# Worship Tomorrow



## fishingpipe (Mar 31, 2012)

I'm not sure I'll be able to sleep tonight from being so excited about worship tomorrow. 

I'm usually pretty pumped about the Lord's day already, but tomorrow we are having Dr. Pipa preach for us as he has been once monthly. We're then observing the sacrament of baptism for the infant daughter of a dear family in our church. Our pastor-elect, Gabe Fluhrer, is administering the baptism. After that we're observing the Lord's Supper. And then we're having a fellowship luncheon.

It's not often you get to do all of that (both sacraments) in one service. Especially in smaller, Presbyterian, reformed churches.

The family of the baby being baptized has a number of unbelieving family members planning to attend. If you see this before the morning - please pray they hear the gospel, and that God works in them according to His will.


----------



## Scott1 (Mar 31, 2012)

The Lord's Day is a delight, and sounds like you are experiencing some of that.

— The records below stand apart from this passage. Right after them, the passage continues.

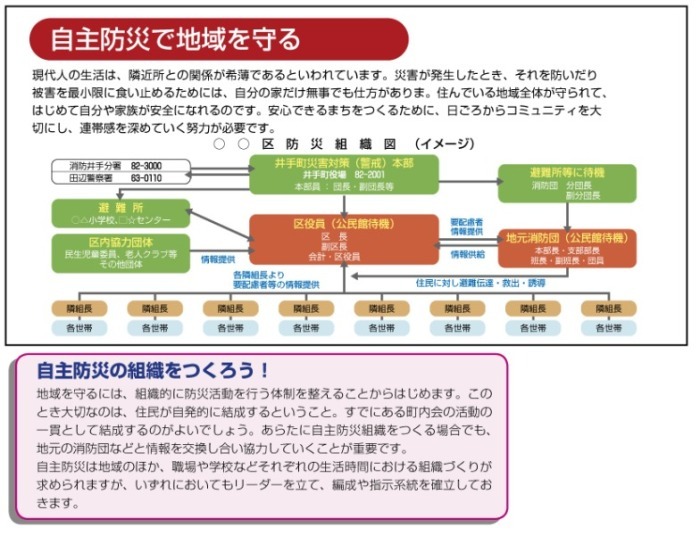 自主防災で地域を守る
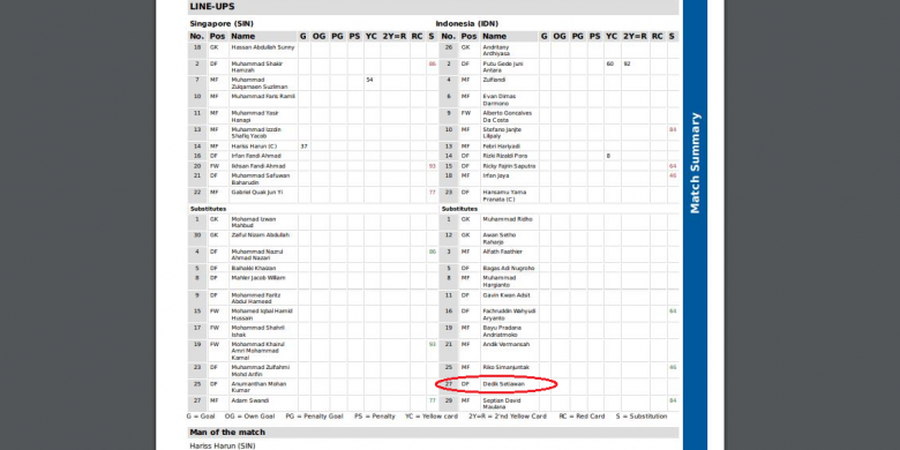 Piala AFF 2018 - Kejanggalan Posisi Dedik Setiawan dalam Skuat Timnas Indonesia saat Dikalahkan Singapura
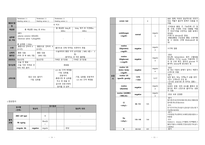 여성간호학실습 케이스스터디 자궁근종Leiomyoma of Uterus 입니다. 간호진단 2개 간호과정 2개 입니다.수술과 관련된 급성통증, 복합적 요인 (수술, 침습적 처치)과 관련된 감염 위험성 두가지 간호과정 있습니다.-8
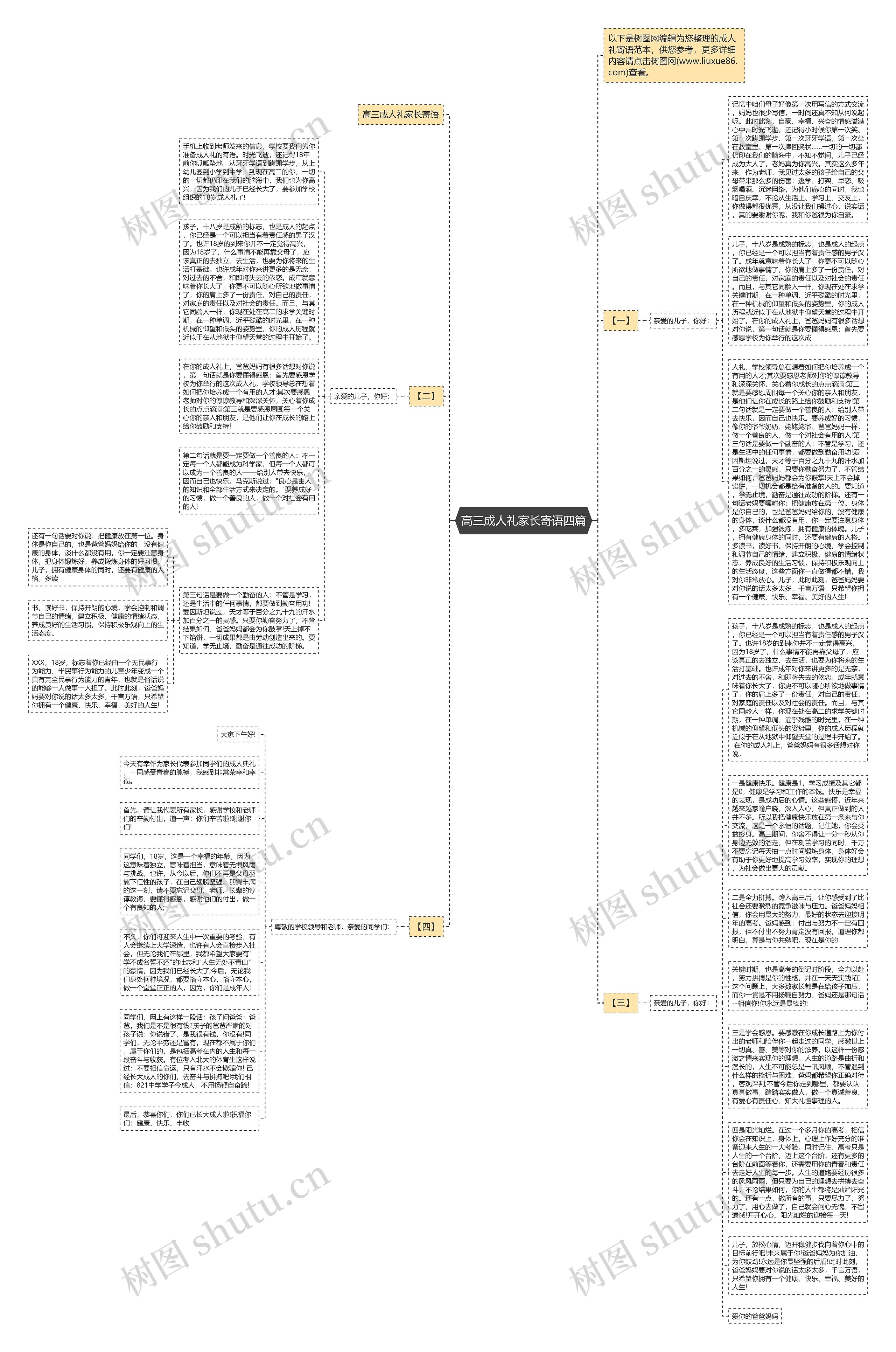 高三成人礼家长寄语四篇思维导图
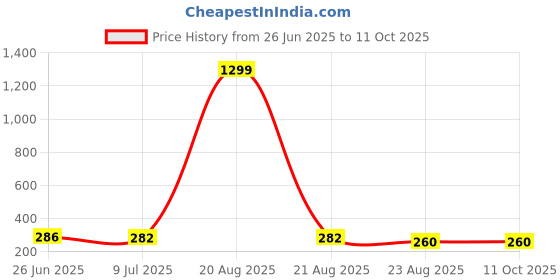 myntra.com VAGHBHATT Classic Studs Earrings vaghbhatt Price History Graph from 26 Jun 2025 to 11 Oct 2025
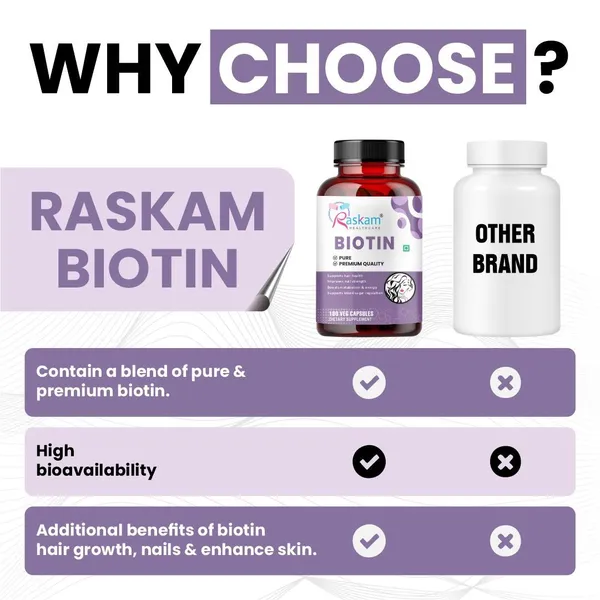 Raskam_Biotin_100_Veg_Capsules_Hair_Growth_Strong_Hair_And_Glowing_Skin_Fights_Nail_Brittleness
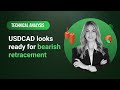 Technical Analysis: 26/01/2024 - USDCAD looks ready for bearish retracement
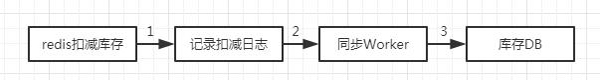 如何从数据存储角度分析Redis为何这么快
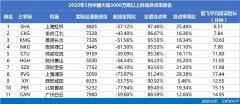 数读4月千万级机场格局生变 重庆江北或成“逆势黑马”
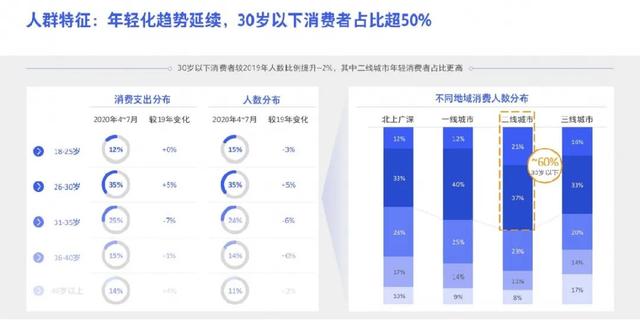 你女朋友的包了解一下，手机装不下，价格1万起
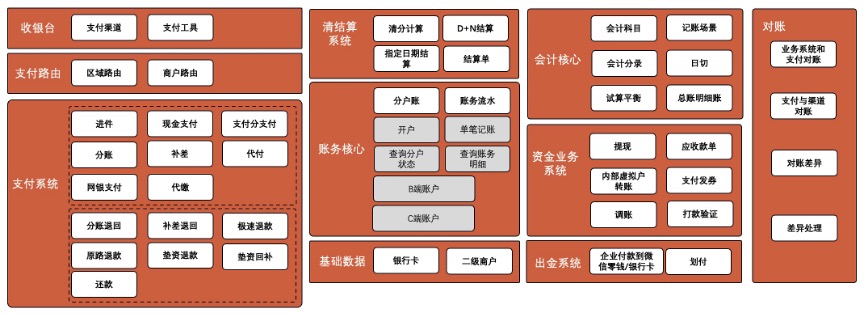 支付机构网络支付业务管理办法,非银行支付机构网络支付业务管理办法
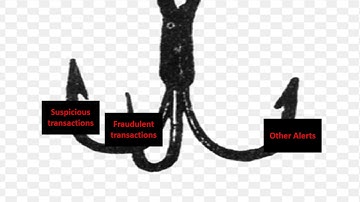 ISCA -Chapter- 6 -Audit Hooks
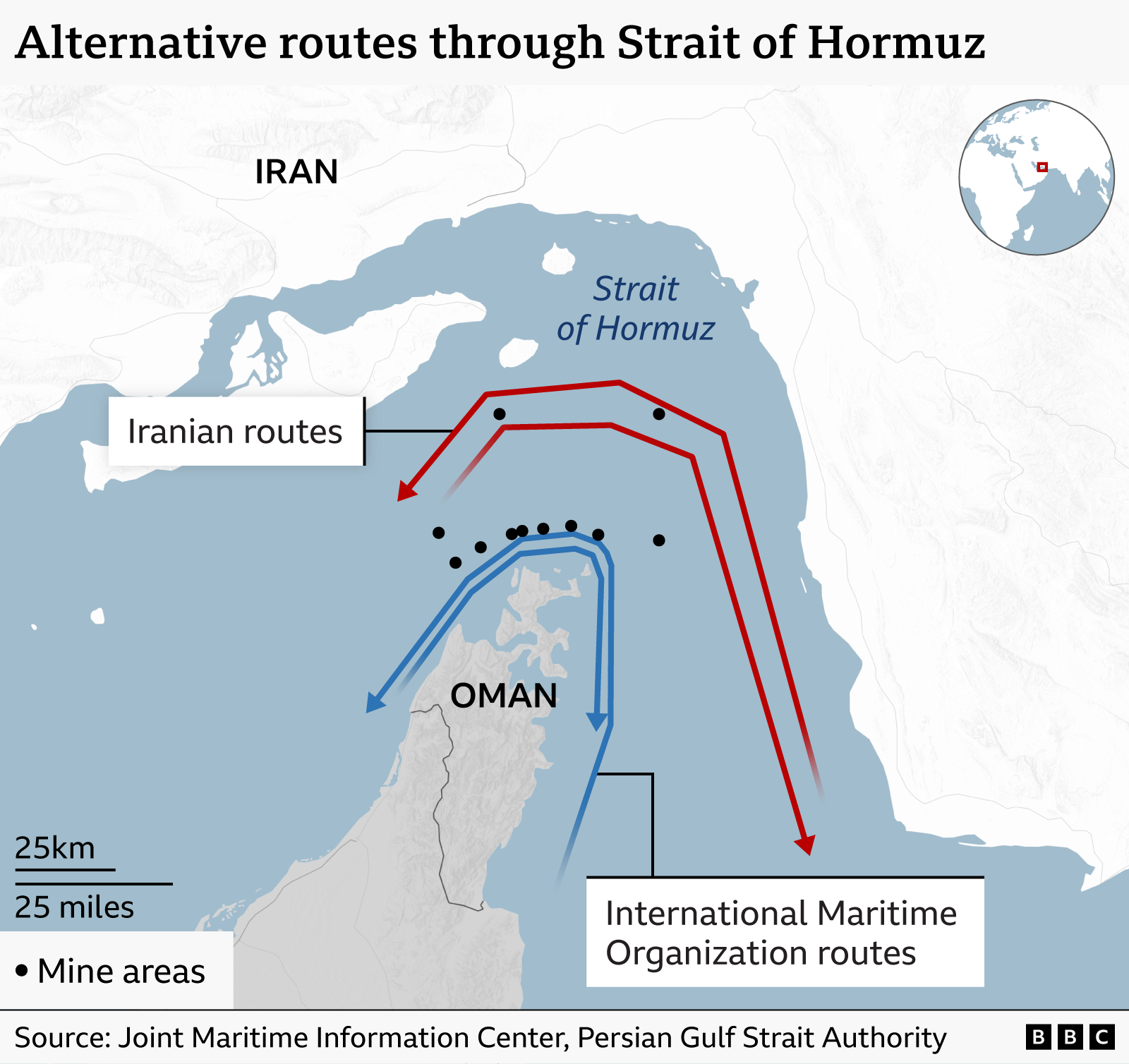 Alternative Iranian and Qatari routes through the Strait of Hormuz waterway in the Gulf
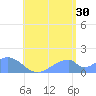 Tinian Island tide chart for Tuesday, July 30, 2024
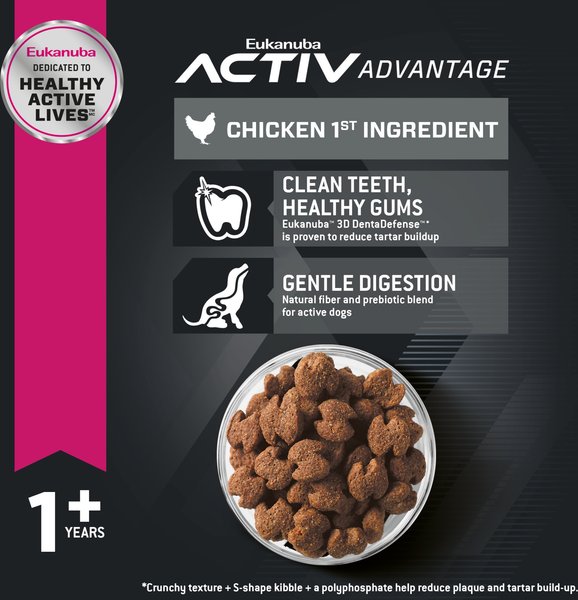 Show full view: Eukanuba Adult Small Breed Dry Dog Food, 6.8-kg bag slide 3 of 10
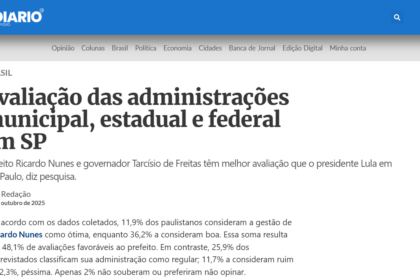 Diário do Povo cita pesquisa realizada pela Paraná Pesquisas no Município de São Paulo.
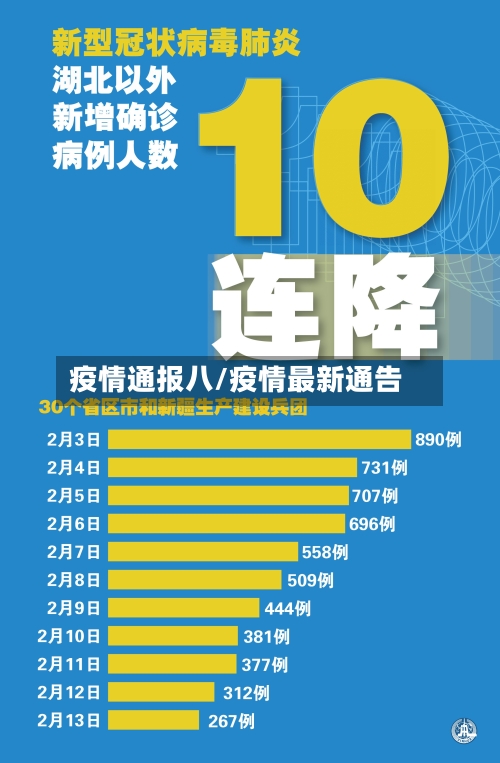 疫情通报八/疫情最新通告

You are indeed blessed, and to have Dr. Pipa!


----------



## Unoriginalname (Mar 31, 2012)

That sounds superb, I am glad to hear about what the Lord is doing in your church.


----------



## MarieP (Mar 31, 2012)

I know how it feels to be so excited it's hard to fall asleep! Praying God will give you sleep so you will be ready to worship tomorrow!!!


----------